3. **Is the provider authenticated?** If you assigned `minimax` to a task but don't have a MiniMax API key, that task falls back to the openrouter default and logs a warning in `agent.log`.
### I picked a model but Hermes switched providers on me
On OpenRouter (or any aggregator), bare model names resolve *within* the aggregator first. So `claude-sonnet-4` on OpenRouter becomes `anthropic/claude-sonnet-4.6`, staying on your OpenRouter auth. But if you typed `claude-sonnet-4` on a native Anthropic auth, it would stay as `claude-sonnet-4-6`. If you see an unexpected provider switch, check that your current provider is what you expect — the picker always shows the current main at the top of the dialog.
## Alternative methods
### CLI slash command
Inside any `hermes chat` session:
```
/model gpt-5.4 --provider openrouter # session-only
/model gpt-5.4 --provider openrouter --global # also persists to config.yaml
```
`--global` does the same thing the dashboard's **Change** button does, plus it switches the running session in-place.
### Custom aliases
Define your own short names for models you reach for often, then use `/model <alias>` in the CLI or any messaging platform:
```yaml
# ~/.hermes/config.yaml
model_aliases:
fav:
model: claude-sonnet-4.6
provider: anthropic
grok:
model: grok-4
provider: x-ai
```
Or from the shell (short form, `provider/model`):
```bash
hermes config set model.aliases.fav anthropic/claude-opus-4.6
hermes config set model.aliases.grok x-ai/grok-4
```
Then `/model fav` or `/model grok` in chat. User aliases shadow built-in short names (`sonnet`, `kimi`, `opus`, etc.). See [Custom model aliases](/docs/reference/slash-commands#custom-model-aliases) for the full reference.

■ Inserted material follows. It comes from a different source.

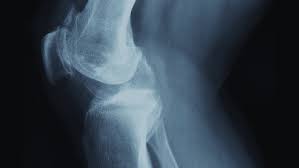 Image result for Knee XRay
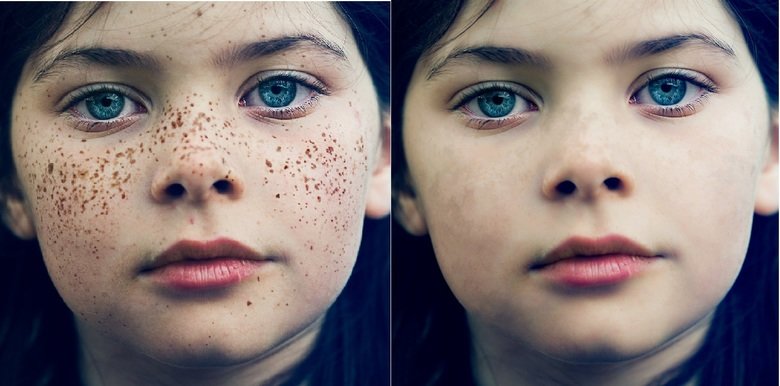 Celebrities stripped down. My (poor) attempt at what some famous (and not-so-famous) people might look like without their trademark freckles. Definitely seems l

### `hermes model` subcommand
```bash
hermes model # Interactive provider + model picker (the canonical way to switch defaults)
```
`hermes model` walks you through picking a provider, authenticating (OAuth flows open a browser; API-key providers prompt for the key), and then choosing a specific model from that provider's curated catalog. The choice is written to `model.provider` and `model.model` in `~/.hermes/config.yaml`.
To list providers/models without launching the picker, use the dashboard or the REST endpoints below. To inspect what the CLI will actually use right now: `hermes config get model` and `hermes status`.
### Direct config edit
Edit `~/.hermes/config.yaml` and restart whatever reads it. See the [Configuration reference](./configuration.md) for the full schema.
### REST API
The dashboard uses three endpoints. Useful for scripting:
```bash
# List authenticated providers + curated model lists
curl -H "X-Hermes-Session-Token: $TOKEN" http://localhost:PORT/api/model/options
# Read current main + auxiliary assignments
curl -H "X-Hermes-Session-Token: $TOKEN" http://localhost:PORT/api/model/auxiliary
# Set the main model
curl -X POST -H "Content-Type: application/json" -H "X-Hermes-Session-Token: $TOKEN" \
-d '{"scope":"main","provider":"openrouter","model":"anthropic/claude-opus-4.7"}' \
http://localhost:PORT/api/model/set
# Override a single auxiliary task
curl -X POST -H "Content-Type: application/json" -H "X-Hermes-Session-Token: $TOKEN" \
-d '{"scope":"auxiliary","task":"vision","provider":"openrouter","model":"google/gemini-2.5-flash"}' \
http://localhost:PORT/api/model/set
# Assign one model to every auxiliary task
curl -X POST -H "Content-Type: application/json" -H "X-Hermes-Session-Token: $TOKEN" \
-d '{"scope":"auxiliary","task":"","provider":"openrouter","model":"google/gemini-2.5-flash"}' \
http://localhost:PORT/api/model/set
# Reset all auxiliary tasks to auto
curl -X POST -H "Content-Type: application/json" -H "X-Hermes-Session-Token: $TOKEN" \
-d '{"scope":"auxiliary","task":"__reset__","provider":"","model":""}' \
http://localhost:PORT/api/model/set
```
The session token is injected into the dashboard HTML at startup and rotates on every server restart. Grab it from the browser devtools (`window.__HERMES_SESSION_TOKEN__`) if you're scripting against a running dashboard.